Dit wil Caroline van der Plas (BBB) met Nederland

Na weken van debatten, campagnes en media-optredens gaat Nederland vandaag eindelijk naar de stembus voor de Tweede Kamerverkiezingen. Leon Verdonschot vroeg de voorbije periode talloze lijsttrekkers naar hun plannen voor ons land. Voor alle zwevende kiezers laten we ze vandaag nog één keer beknopt de revue passeren.

Caroline van der Plas

‘Voor mij is het kernwoord: vertrouwen. Vertrouwen van burgers in de overheid en in de politiek. Dat is de kern, nog vóór andere zaken in ons programma, zoals meer geld voor de ouderenzorg en meer investeren in de zorg. Toen ik in de Tweede Kamer kwam, lag mijn focus bij boeren en het platteland, bij goede voorzieningen en mobiliteit, en daar ligt die nog steeds. Maar ik ben me er nog veel bewuster van geworden dat de samenleving de laatste jaren ontwricht is, en daar maak ik me echt veel zorgen over. Ik maak het dagelijks mee als ik buiten de Kamer op een muurtje een sigaretje zit te roken; dan zie ik zoveel boze en bange mensen daar staan te demonstreren.
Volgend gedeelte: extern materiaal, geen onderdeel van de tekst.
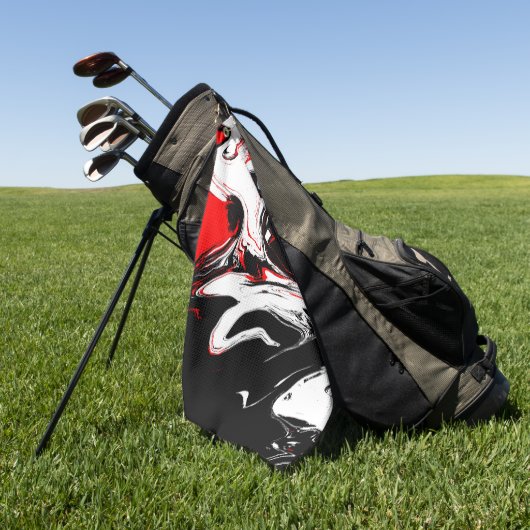 Serviette De Golf Blanc Noir Dans Les Arbres (Vert)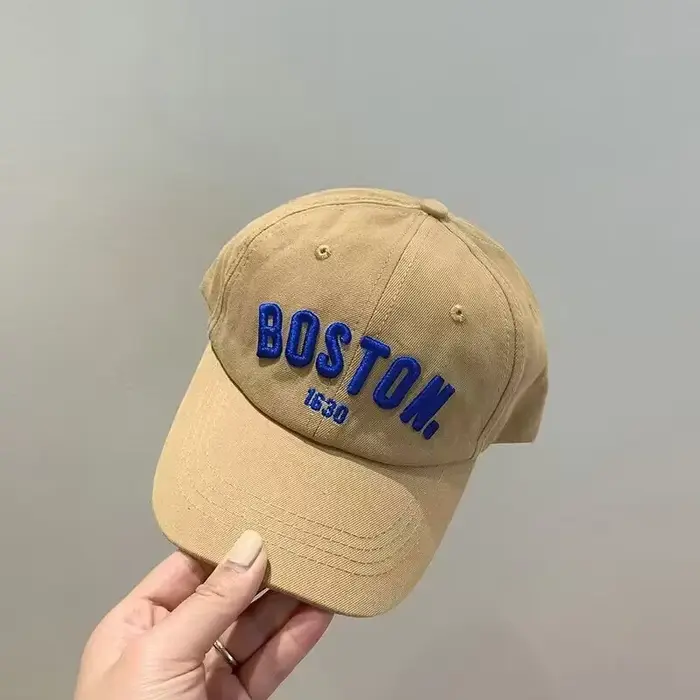 Casquette de Baseball avec lettres solides pour enfants, chapeau de soleil brodé pour filles et garç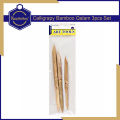 Keep Smiling- Pack of 3 Different Style Calligraphy Bamboo Qalam/Pen For Urdu and Arabic. 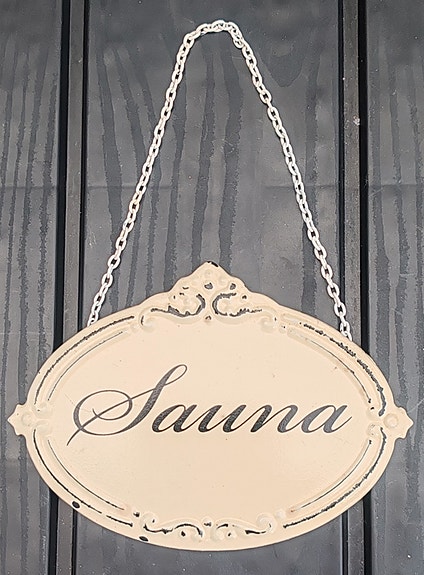 Vintage sauna kyltti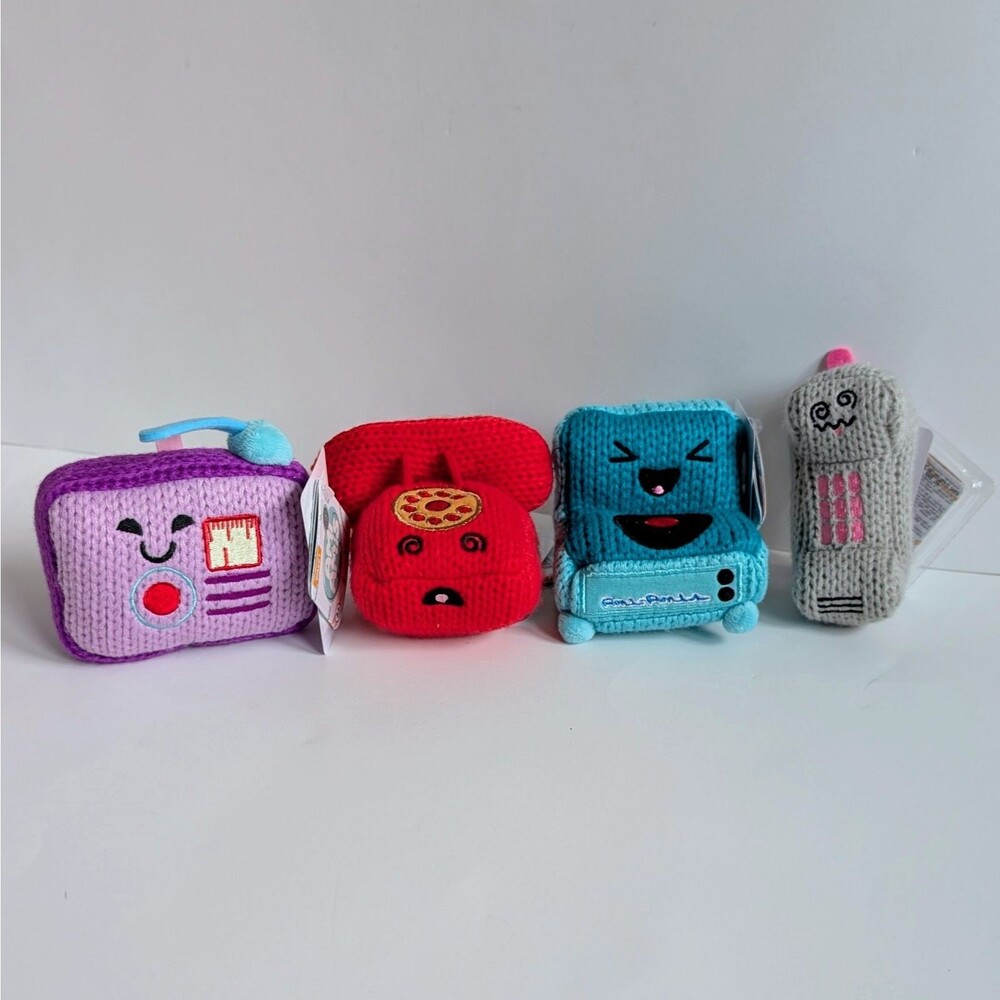 Lot of 4 Ami Amis Brick Roto Tammy Tunes Retro Addie Crochet Plushies 4" Jakks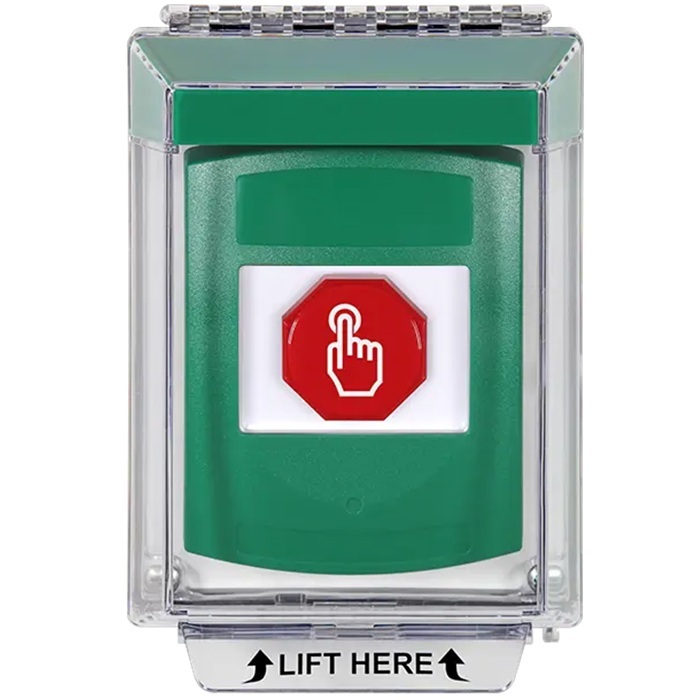 G3A135NT-EN STI G3 Multipurpose Push Button No Camera Green 14010 Flush without Sound Momentary No Text - English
De polarisatie is enorm toegenomen: mensen hebben heel korte lontjes, politici worden meer en meer bedreigd, maar ook rechters, advocaten, burgemeesters en journalisten. Mensen denken dat je alles maar kunt roepen en schreeuwen, en het wantrouwen in de overheid is heel diep geworteld geraakt. Het idee dat de overheid niet meer je vriend is, terwijl dat eigenlijk wel zo zou moeten zijn. Daar heeft de overheid zélf ook een verantwoordelijkheid in gehad, met technocratisch beleid en spreadsheat-denken, met steeds minder mensen uit de praktijk op de ministeries. De burger is niet afgedreven van de overheid, de overheid is afgedreven van de burger. Om dat te herstellen, wordt onze grootste opgave.

Ik heb het er over gehad in mijn HJ Schoo-lezing, en Marianne Zwagerman reageerde daarop met de opmerking dat ik terug wil naar de jaren vijftig. Dat is niet zo. Ik hoef niet terug naar de spruitjes op tafel en de vader die op zondag het vlees snijdt. Maar hoe het nu gaat, zie ik het zwaar in, ook democratisch. Die polarisatie is zelfs zo groot geworden dat mensen de democratie ter discussie stellen, dat mensen denken dat de overheid eropuit is ze als puppets aan het lijntje te houden.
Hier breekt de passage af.